Publié

La consommation de vin recule mais la part de production suisse augmente

Malgré le recul de la consommation, les vins suisses gagnent des parts de marché. [Dominic Favre - Keystone]
L’achat de vin suisse cartonne grâce à la pandémie / Le 12h30 / 2 min. / le 29 avril 2021
La consommation de vins blancs et rouges s’est contractée de quelque 6% l'an dernier en Suisse, faisant les frais des mesures contre la pandémie. Mais la tendance à consommer davantage de vins suisses se poursuit.

La fermeture temporaire des restaurants et l’interdiction des rassemblements, pour lutter contre le coronavirus, ont entraîné en Suisse une forte contraction de la consommation de vin, constate jeudi l’Office fédéral de l'agriculture (OFAG).

Celle-ci a diminué de 15 millions de litres (-5,9%) au total (vins suisses et vins étrangers) par rapport à 2019 pour s’établir en 2020 à 240 millions de litres. Le recul touche autant les vins blancs (-6,5%) que les rouges (-5,6%).

Déclassement subventionné

Pour atténuer les effets de la pandémie, le Conseil fédéral a décidé en mai 2020 de prendre, en collaboration avec les cantons, des mesures pour désengorger le marché du vin suisse. Il a notamment subventionné le déclassement de 7,1 millions de litres de vin AOC pour en faire du vin de table.

Ces 7,1 millions de litres figurent au bilan de la consommation, qui révèle dans l’ensemble une légère amélioration pour les vins suisses (+344'700 litres) en 2020. La consommation des blancs suisses progresse de 85'000 litres pour s’établir à 47,2 millions de litres (+0,2%) et celle des rouges augmente de 260'000 litres pour se fixer à 47,7 millions de litres (+0,6%).

Les vins suisses grignotent des parts

Malgré le fort recul de la consommation en 2020, les vins suisses gagnent des parts de marché: celles-ci affichent une hausse de 2,5% et se chiffrent à 39,5%, ou à 37,7% si l’on soustrait du bilan les 7,1 millions de litres de vin déclassé.

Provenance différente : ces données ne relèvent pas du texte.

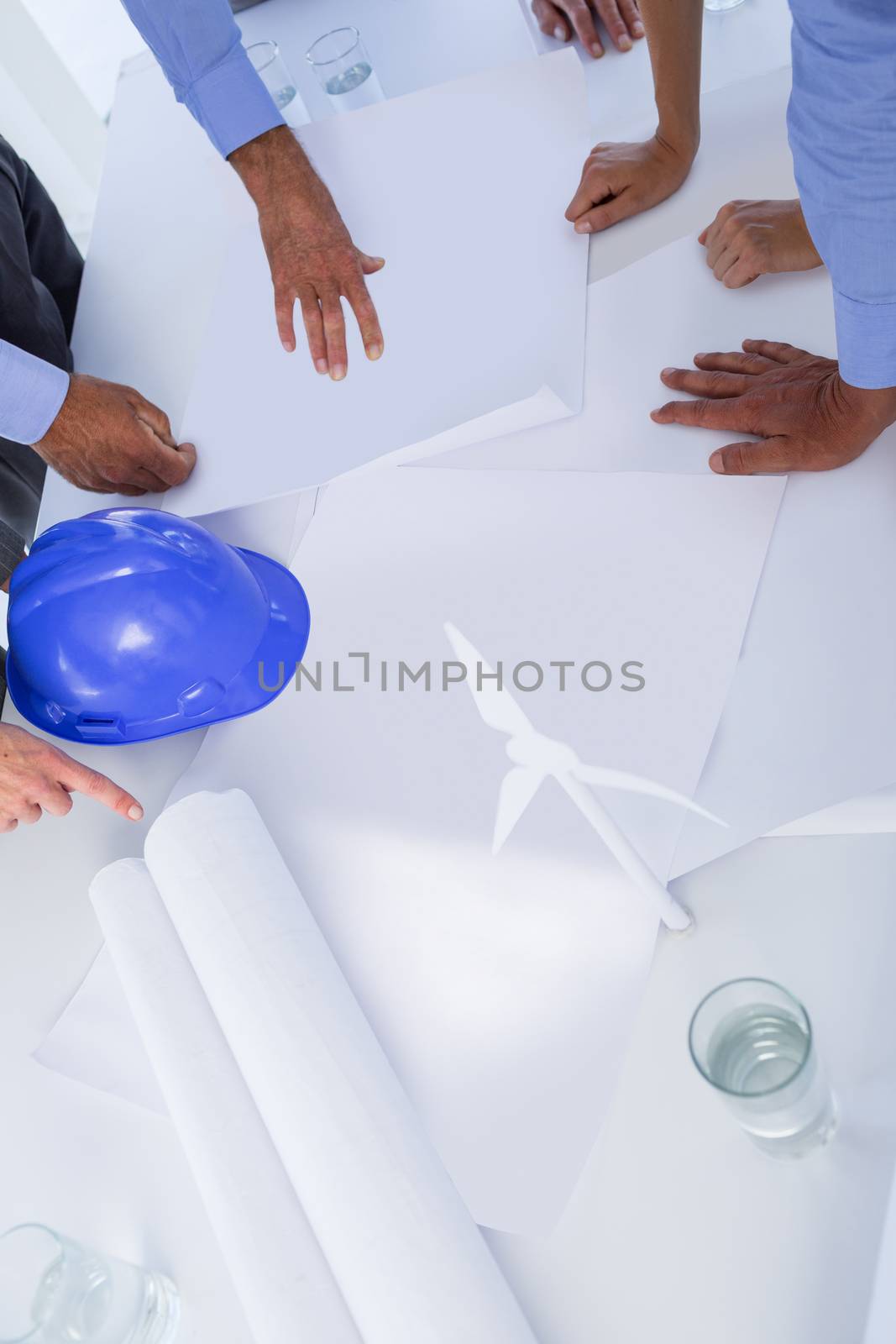 Team of business people looking at construction plan  by Wavebreakmedia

En dépit de la conjoncture défavorable due à la crise sanitaire, la filière suisse du vin a conquis des parts de marché pour la quatrième année consécutive mais de manière inégale.

Mathias Delaloye, viticulteur et caviste en Valais, a du reste relativisé ces chiffres dans le 12h30 de la RTS. "Une augmentation de plus ou moins 350'000 litres pour les vins suisses sur une consommation totale de 240 millions de litres, c'est un bon signal, mais ce n'est pas du tout suffisant pour désengorger les caves (…) On est loin d'avoir solutionné le problème", a-t-il souligné.

Dans les hôtels et restaurants, les ventes ont chuté et les viticulteurs suisses qui y écoulaient majoritairement leurs vins ont beaucoup souffert. Ceux qui vendent en direct aux particuliers ou aux grandes surfaces, en revanche, ont vu leurs ventes augmenter.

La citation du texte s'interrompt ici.